On a good day, the patient will have a list of their medications and illnesses but typically their memory extends more to the colour of the tablet and a vague recollection that the name of the drug begins with an N.
Once the patient is admitted, staff on the wards have to queue to use a computer so they can access the patient's hospital records and diagnostic information. When staff are finally able to get on a computer, the system is slow and clunky and crashes all too common.
The lack of connectivity between different areas of the health system means medication lists, tests, scans and other diagnostic tools are often repeated. Health dollars and clinicians' time are wasted chasing results and duplicating services in an already stretched public hospital system.
The quality of care is compromised and patients are at increased risk of mistakes being made in their treatment, diagnosis and prescription of medication.
'Too late' to kill e-health program
January 25, 2011
THE state government should stick with Victoria's bungled $360 million health technology program because it was finally starting to deliver some benefits, an e-health expert has argued.
Mukesh Haikerwal, who is the federal government's clinical advisor on e-health, said the HealthSMART program had ''a long tortuous history'' but cost savings would not be made by ditching it, only to start again from scratch to build an electronic system to share patient information in hospitals.
The Age revealed yesterday that the state government was considering abandoning the program, which is five years late and $35 million over budget.
Health Minister David Davis said the new government faced ''a genuine dilemma with the myki of the health system''.
HealthSMART, originally due to be completed in 2007, replaced existing financial management systems in hospitals. It was also supposed to introduce clinical systems for electronic prescribing, ordering tests and reporting results to Victorian hospitals, but those programs are now partially running in just four hospitals.
There is also coverage today in the AFR and a few other places.
For those that are interested I have been on this case for a while now:
and as far back as here:
There are a few facts that need to be clear:
First the program is way behind time and over budget.
Second it seems that there has been pretty intense resistance to many clinical applications from the clinicians who are expected to use the software.
Third if the program is to continue as it is presently planned there are a few years to go before key clinical functionality will be universally available - and remember this was the key goal.

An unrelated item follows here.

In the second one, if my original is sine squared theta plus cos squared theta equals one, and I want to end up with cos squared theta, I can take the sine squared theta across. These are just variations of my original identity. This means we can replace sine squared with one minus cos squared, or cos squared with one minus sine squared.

Fourth non HealthSMART initiatives like PACS have gone pretty well as have a range of administrative and basic operational systems.

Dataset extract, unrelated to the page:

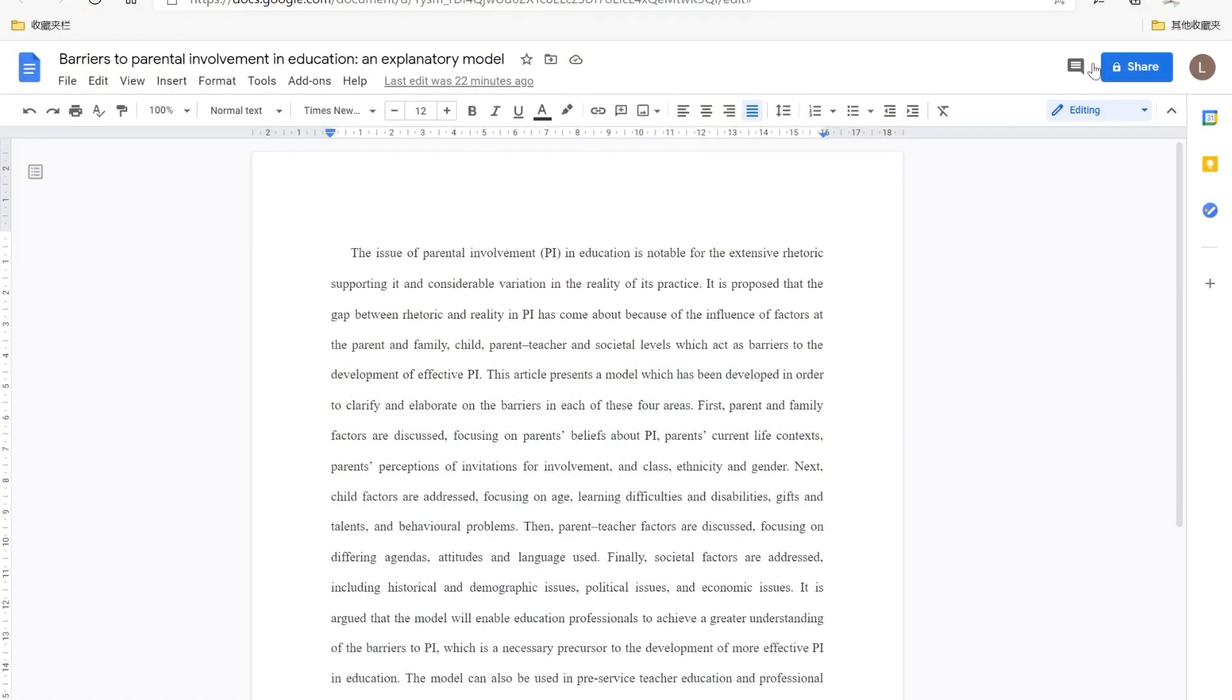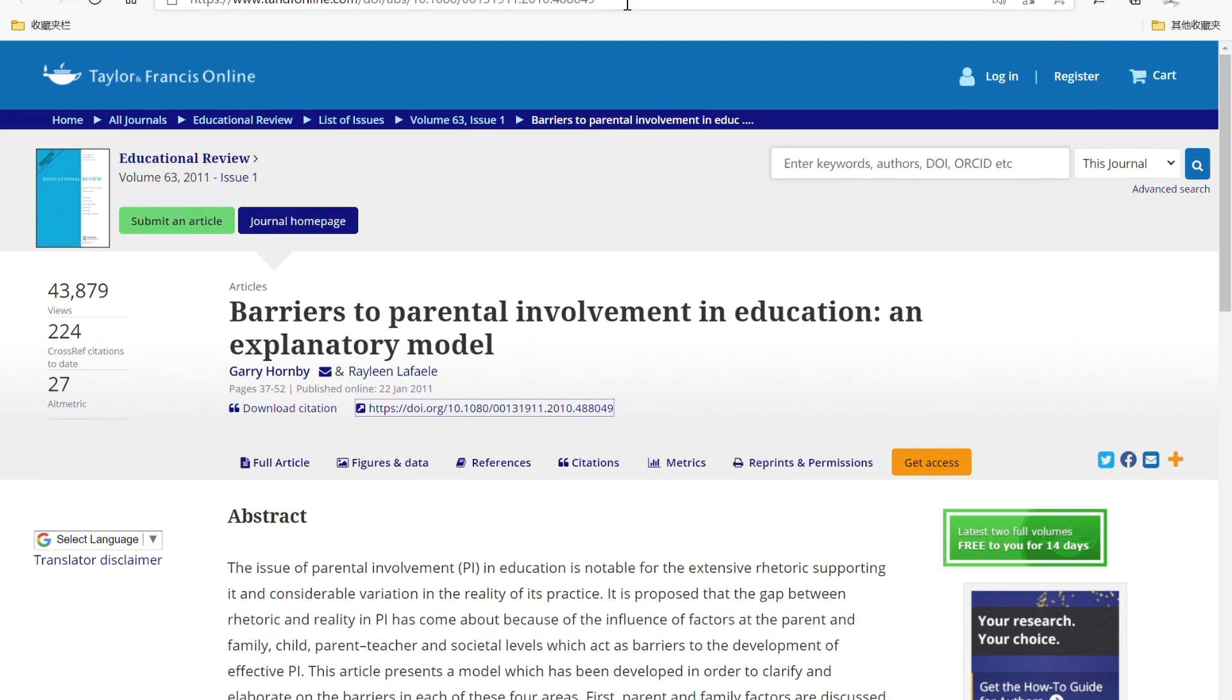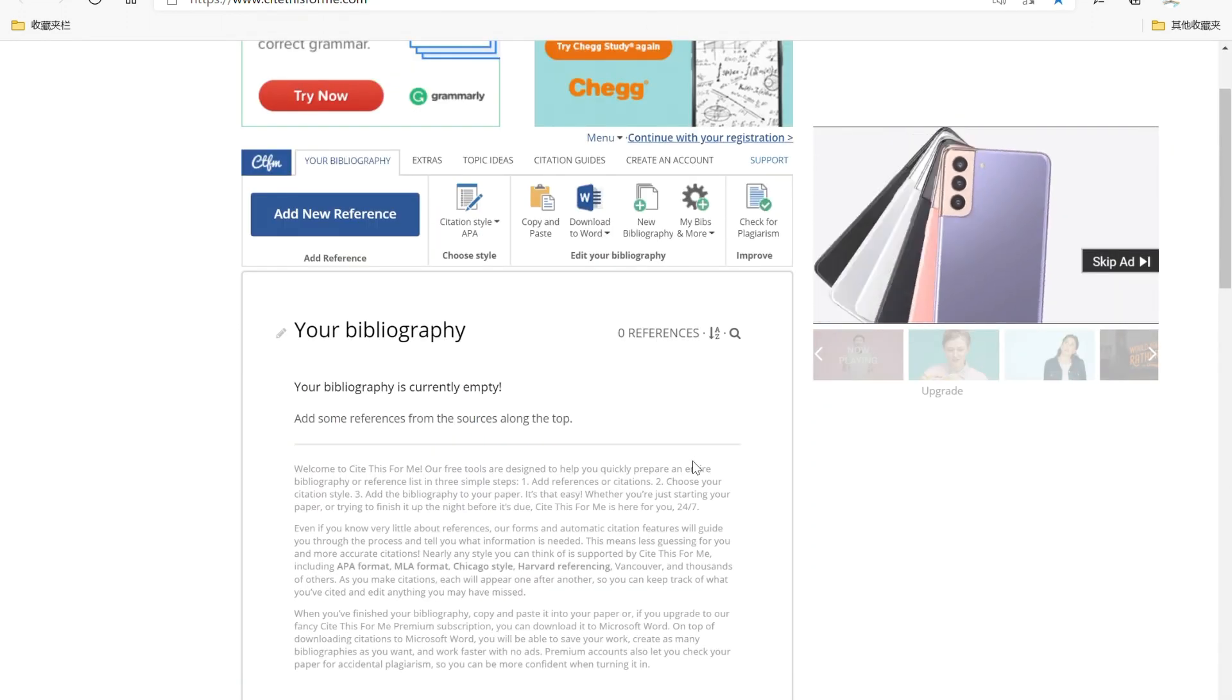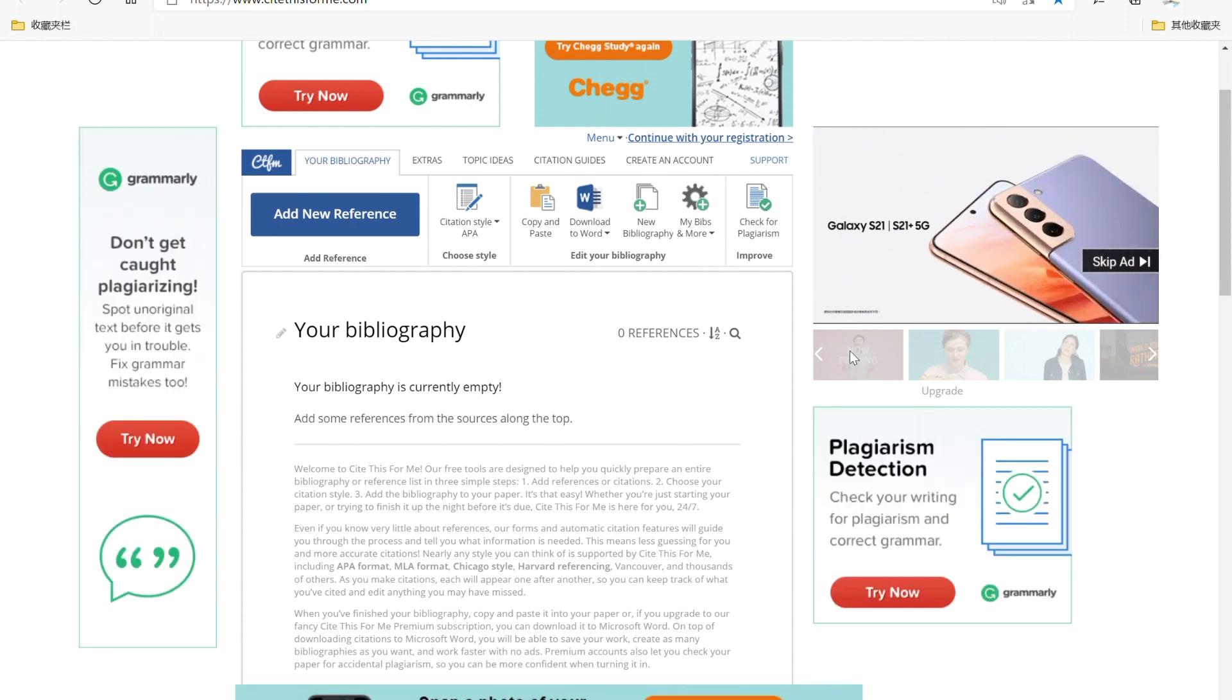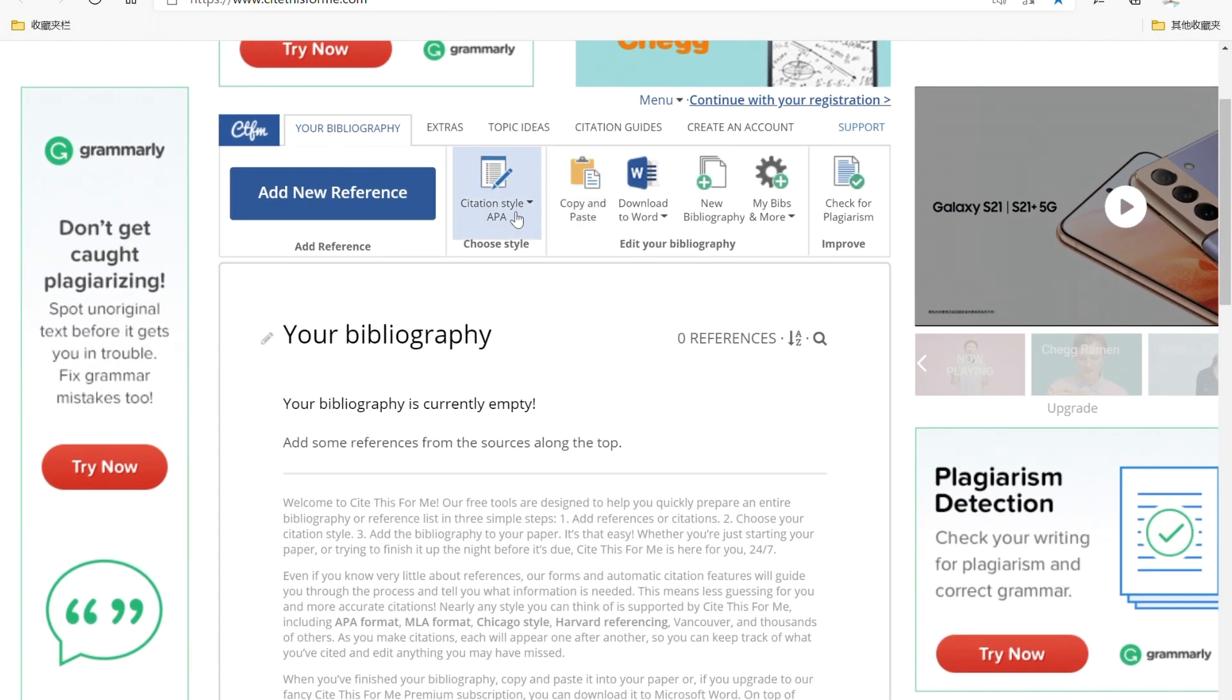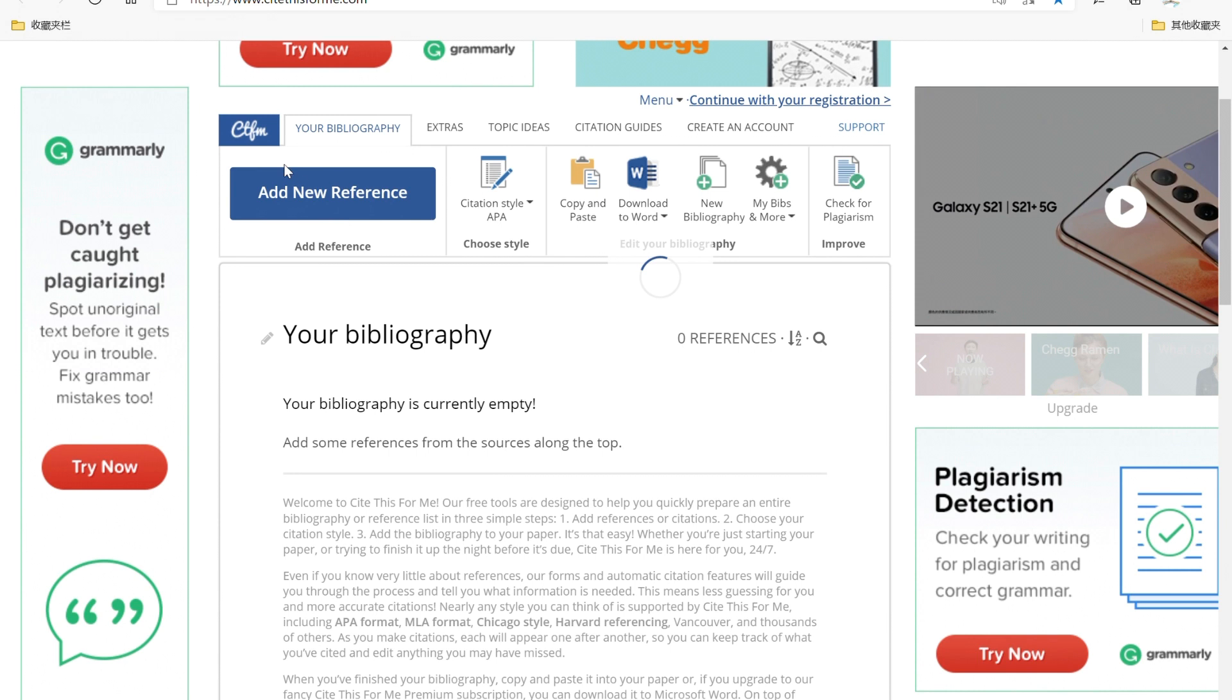Okay, now I've already created a Google Doc and just paste a section from this article. And then you can open Citesforme. The only thing you need to bear is that there are lots of ads around here. And the best thing is you can use Citesforme without registration or login. Now let me zoom in. You can click citation style to choose APA and then we click add new reference.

The bottom line is that all this should not be thrown out - that would be nonsense. What is needed is a clinician focussed in-depth review to establish what is needed to obtain genuine clinician commitment to adoption and use of what is presently on offer for clinicians - with the live option of starting again - with another vendor - in this domain if the present vendor cannot demonstrate they can deliver what clinicians believe they actually need.
This review needs to be externally facilitated, independent and not controlled by the Program in any way. Clinicians need to know their needs are understood and will be answered.

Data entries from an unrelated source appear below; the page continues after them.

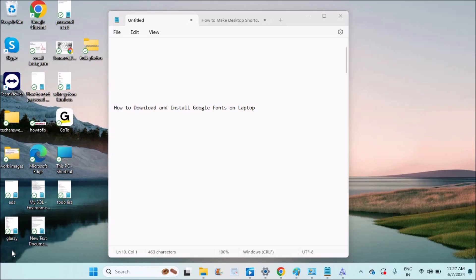Hello, good morning to you all. Today in this video I'll show you how you can download and install Google fonts on your laptop. This is very simple. You can do this download and installation process in less than a minute.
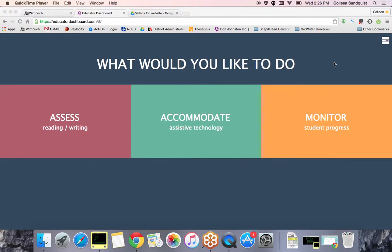As an educator, it's your responsibility to get the universal tools into the hands of your students. I'm going to show you just how easy it is to create a code for CoWriter Universal.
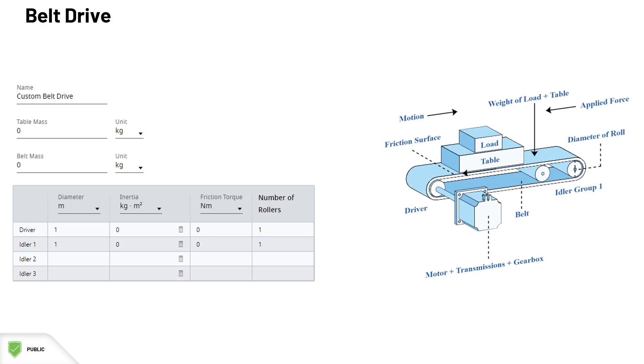A belt drive consists of a cylinder roll driven by the motor that drives a belt linearly and other idler rolls. These are the parameters of the belt drive. Firstly, the table and the belt mass.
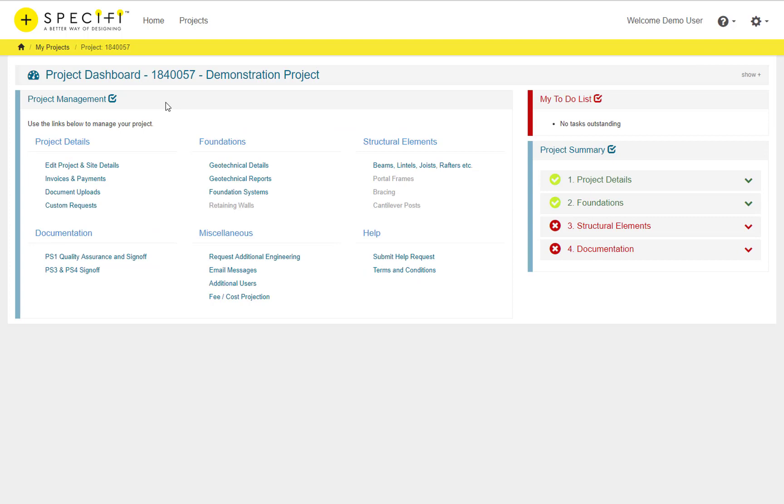The Dashboard page consists of three areas: Project Management, a To-Do list and a Project Summary area. The Project Management panel provides links to all aspects of Specify and is broken down into six areas.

Indeed they need to know they can veto the whole clinical program, by some reasonable democratic process, unless their legitimate needs are actually addressed.
If this is not done - and fast - the entire fiasco will collapse and lead to much increased cost and time wasting. Having come this far and spent this much it is vital that whatever is needed is done to sort out the area of the program where most of the benefits will ultimately flow from!
I note that even after 1 day it is clear this weeks poll is going to say that right now the Program is a total mess!
The national implications for e-Health also should not be ignored, as they are pretty substantial.